WSJ: GOP Needs Spokesperson To Cut Through Media

WSJ: GOP Needs Spokesperson To Cut Through Media

Food for thought from the WSJ’s Daniel Henninger:

Smarting from defeat by Barack Obama’s made-in-Silicon-Valley messaging network, congressional Republicans in Washington are getting tutorials to bring them into a Twitterized world. I have a simpler idea: First join the 20th-century communication revolution by creating an office of chief party spokesman. One for the House and one for the Senate. …

The fiscal cliff was a big moment, but there came a point when surely John Boehner understood that his public statements became counterproductive. With the president giving him nothing and his leverage minimal, Mr. Boehner drained off his stature, and his party’s, by being the out-front face dealing with the president’s knuckleballs.
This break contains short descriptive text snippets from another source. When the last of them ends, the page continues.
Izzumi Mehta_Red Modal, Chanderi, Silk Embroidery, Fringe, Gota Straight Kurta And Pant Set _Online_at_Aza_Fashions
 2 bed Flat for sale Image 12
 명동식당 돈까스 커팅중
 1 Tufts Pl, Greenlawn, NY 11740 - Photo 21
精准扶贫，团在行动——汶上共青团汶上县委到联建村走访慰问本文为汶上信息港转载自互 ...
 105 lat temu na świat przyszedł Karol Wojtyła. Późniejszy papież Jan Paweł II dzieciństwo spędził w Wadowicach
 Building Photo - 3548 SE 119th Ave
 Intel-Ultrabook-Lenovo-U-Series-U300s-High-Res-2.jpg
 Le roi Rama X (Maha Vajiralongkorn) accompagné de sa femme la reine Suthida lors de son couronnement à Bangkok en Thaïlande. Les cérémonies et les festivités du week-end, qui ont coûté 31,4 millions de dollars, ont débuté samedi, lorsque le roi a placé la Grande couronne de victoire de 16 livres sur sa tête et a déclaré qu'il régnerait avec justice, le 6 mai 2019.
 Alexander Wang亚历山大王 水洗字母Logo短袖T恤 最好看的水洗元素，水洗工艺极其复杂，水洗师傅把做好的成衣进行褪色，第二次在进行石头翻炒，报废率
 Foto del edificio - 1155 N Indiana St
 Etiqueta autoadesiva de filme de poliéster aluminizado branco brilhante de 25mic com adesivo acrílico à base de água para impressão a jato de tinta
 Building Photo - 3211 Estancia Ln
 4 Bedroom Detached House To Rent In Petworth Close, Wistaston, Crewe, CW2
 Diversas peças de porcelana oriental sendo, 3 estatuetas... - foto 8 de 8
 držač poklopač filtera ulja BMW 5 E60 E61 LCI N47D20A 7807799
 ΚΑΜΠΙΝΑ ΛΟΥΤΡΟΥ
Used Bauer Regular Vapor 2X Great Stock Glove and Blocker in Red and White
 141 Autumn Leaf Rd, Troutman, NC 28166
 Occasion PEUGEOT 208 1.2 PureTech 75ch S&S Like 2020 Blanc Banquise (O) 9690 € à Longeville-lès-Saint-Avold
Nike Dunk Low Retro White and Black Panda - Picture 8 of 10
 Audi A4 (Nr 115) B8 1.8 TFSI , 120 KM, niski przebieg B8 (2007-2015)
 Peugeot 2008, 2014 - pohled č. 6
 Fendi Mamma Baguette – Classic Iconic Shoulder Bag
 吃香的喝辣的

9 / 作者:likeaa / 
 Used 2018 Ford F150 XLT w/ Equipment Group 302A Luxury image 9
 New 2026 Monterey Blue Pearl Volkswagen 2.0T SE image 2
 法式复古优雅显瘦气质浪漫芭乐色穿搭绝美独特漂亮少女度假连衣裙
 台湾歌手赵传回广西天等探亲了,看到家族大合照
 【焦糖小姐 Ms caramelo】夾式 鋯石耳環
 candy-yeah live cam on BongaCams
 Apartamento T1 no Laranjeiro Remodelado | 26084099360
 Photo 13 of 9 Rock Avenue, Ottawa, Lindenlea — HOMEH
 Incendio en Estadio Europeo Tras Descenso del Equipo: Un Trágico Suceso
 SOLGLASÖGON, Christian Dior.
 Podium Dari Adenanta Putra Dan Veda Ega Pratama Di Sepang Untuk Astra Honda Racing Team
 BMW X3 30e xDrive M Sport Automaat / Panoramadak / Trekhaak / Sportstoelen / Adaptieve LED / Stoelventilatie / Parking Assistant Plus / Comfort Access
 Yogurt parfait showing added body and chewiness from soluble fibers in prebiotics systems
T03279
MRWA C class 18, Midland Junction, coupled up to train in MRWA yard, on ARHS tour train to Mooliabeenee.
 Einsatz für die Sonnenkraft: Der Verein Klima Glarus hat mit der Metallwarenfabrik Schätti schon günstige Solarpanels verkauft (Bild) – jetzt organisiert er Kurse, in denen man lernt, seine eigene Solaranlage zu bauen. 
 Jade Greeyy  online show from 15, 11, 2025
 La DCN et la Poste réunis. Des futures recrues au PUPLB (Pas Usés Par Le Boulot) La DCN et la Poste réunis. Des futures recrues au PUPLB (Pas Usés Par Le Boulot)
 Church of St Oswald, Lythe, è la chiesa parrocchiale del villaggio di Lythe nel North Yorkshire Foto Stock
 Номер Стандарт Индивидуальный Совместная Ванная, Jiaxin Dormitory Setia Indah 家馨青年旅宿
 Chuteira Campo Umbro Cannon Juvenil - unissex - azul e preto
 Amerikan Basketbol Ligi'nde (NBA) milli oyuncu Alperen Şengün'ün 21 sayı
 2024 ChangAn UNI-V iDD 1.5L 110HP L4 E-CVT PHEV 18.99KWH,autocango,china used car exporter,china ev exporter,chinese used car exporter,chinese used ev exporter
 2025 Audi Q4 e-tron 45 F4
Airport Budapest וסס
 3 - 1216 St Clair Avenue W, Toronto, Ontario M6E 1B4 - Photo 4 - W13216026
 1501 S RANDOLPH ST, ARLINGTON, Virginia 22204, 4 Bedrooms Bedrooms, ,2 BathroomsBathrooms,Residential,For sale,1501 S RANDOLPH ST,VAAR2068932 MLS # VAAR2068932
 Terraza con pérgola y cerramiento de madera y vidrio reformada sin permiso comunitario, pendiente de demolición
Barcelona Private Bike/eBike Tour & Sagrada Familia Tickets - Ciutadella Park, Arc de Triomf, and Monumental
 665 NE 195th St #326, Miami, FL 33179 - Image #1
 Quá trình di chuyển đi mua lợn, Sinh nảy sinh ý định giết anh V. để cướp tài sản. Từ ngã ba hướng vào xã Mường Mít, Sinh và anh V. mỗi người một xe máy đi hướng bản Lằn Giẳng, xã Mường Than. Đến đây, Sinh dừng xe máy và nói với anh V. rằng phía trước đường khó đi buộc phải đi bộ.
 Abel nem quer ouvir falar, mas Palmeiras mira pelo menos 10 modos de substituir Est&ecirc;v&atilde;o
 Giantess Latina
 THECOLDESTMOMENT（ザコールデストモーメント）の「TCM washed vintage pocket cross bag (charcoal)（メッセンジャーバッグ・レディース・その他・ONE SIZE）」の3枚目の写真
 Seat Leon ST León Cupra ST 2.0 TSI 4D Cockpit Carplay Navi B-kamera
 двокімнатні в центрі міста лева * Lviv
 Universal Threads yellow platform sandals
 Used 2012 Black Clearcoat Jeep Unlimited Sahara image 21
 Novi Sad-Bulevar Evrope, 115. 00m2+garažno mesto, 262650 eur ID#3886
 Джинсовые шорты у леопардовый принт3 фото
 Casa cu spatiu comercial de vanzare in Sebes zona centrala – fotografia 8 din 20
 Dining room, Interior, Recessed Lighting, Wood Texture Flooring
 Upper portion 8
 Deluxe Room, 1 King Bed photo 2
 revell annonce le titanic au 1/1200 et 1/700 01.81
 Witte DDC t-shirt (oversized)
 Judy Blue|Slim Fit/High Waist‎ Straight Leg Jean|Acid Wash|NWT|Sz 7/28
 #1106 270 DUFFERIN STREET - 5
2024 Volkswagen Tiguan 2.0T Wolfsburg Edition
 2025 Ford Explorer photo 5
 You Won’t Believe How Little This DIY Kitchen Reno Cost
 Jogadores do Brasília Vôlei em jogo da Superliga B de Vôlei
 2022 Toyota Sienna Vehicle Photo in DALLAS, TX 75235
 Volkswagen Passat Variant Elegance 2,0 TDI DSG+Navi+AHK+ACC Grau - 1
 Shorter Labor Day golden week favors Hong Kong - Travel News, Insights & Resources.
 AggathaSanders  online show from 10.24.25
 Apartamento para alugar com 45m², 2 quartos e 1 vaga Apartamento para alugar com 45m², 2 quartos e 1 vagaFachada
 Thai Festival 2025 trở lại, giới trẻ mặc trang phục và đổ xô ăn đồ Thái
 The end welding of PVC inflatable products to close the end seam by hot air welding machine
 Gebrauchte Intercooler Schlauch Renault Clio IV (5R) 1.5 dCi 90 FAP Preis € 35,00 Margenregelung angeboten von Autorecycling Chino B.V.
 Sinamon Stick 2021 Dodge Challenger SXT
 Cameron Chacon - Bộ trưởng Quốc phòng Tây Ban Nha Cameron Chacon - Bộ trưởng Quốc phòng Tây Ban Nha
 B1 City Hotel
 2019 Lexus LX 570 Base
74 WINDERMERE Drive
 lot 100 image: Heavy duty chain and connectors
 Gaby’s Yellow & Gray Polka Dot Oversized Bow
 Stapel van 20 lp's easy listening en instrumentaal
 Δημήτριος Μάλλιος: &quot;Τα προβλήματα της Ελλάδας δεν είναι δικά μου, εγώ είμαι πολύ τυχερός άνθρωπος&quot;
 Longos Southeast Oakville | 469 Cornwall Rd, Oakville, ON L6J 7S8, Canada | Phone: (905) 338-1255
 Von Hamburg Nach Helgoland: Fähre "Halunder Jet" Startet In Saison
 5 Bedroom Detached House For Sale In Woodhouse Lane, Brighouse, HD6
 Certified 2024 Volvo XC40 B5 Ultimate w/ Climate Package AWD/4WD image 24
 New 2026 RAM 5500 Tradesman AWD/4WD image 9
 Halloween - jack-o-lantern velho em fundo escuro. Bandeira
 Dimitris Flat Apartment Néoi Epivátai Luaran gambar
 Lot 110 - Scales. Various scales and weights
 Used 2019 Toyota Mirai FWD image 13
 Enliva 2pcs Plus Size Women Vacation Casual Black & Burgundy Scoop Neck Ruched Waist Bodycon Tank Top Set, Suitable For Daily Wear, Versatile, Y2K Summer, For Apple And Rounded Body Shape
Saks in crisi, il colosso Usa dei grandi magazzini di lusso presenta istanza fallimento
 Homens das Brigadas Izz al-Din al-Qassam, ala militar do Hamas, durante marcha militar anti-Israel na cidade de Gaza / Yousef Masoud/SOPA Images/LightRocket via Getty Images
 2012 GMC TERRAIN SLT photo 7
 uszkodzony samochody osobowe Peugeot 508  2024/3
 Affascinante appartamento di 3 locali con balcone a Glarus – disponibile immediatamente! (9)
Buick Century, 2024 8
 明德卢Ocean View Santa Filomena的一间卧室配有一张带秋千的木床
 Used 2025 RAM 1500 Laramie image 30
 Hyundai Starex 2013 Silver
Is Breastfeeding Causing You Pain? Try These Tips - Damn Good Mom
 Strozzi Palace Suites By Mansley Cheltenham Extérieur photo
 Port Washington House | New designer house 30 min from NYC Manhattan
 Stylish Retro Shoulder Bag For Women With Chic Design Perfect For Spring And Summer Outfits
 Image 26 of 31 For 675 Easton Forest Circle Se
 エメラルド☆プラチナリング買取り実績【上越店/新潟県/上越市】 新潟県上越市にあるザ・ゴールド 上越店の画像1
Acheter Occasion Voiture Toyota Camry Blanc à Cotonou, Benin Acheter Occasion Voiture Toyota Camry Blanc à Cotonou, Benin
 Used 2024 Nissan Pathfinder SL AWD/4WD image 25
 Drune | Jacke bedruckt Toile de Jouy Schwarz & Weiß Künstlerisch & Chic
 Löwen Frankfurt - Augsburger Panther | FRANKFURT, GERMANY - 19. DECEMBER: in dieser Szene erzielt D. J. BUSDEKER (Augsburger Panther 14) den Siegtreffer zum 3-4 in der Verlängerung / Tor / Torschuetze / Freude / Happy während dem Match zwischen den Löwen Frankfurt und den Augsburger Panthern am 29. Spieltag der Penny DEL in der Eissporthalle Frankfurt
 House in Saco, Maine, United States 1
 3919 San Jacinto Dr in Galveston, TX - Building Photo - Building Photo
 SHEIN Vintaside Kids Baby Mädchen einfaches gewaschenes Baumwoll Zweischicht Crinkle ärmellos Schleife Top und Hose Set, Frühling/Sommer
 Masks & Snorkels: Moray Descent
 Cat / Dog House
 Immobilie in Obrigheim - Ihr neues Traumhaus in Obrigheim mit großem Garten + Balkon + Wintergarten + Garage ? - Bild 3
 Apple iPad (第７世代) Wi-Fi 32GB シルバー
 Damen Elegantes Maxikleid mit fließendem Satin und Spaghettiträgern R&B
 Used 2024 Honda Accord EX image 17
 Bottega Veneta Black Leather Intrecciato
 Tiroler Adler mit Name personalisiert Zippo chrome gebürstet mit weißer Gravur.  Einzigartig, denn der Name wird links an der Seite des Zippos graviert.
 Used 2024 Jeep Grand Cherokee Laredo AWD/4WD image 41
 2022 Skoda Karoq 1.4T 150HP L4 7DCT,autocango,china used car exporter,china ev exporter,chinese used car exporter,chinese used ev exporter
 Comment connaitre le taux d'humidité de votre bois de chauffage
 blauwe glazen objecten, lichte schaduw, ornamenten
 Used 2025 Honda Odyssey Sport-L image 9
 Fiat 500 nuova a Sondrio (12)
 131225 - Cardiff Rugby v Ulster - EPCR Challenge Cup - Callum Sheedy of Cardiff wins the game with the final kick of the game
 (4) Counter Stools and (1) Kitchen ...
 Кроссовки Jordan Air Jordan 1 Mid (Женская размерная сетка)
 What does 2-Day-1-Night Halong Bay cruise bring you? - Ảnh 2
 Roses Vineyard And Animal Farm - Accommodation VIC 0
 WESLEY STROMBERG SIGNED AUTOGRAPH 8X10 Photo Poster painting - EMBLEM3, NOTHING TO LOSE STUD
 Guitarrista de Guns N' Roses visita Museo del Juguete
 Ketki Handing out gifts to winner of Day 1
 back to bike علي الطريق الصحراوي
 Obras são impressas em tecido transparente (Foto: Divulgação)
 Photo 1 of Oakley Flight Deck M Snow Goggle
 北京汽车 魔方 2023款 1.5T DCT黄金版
A prominent but unelected spokesman could press the party’s point of view at less political cost to the leadership.

Here’s another way to think about it: What if the only two faces speaking for the entire Democratic Party were Harry Reid and Nancy Pelosi? That could be half the reason they lost the House in 2010.

Messaging is a major and increasingly insurmountable problem in the GOP. The White house and media run circles around us as our leaders flail, give up, or just plain-old blow it.

We not only need people on point to speak for the congressional GOP, we need another half-dozen or so grown-ups to swarm the news shows.

During George W. Bush’s reelection campaign Terry Holt (pictured) was everywhere, and he was absolutely fantastic. Holt was ready for anything, never argumentative, and impossible to rattle. Better still, unlike John Sununu and others who regularly plagued both the Romney and McCain campaigns, Holt never allowed himself to become the story.

Right now, the GOP’s messaging problem is an existential threat to the party, and therefore the country. If Terry Holt isn’t available, we’d better start looking around for a few good men and women who are just as talented, prepped, charismatic, and mature.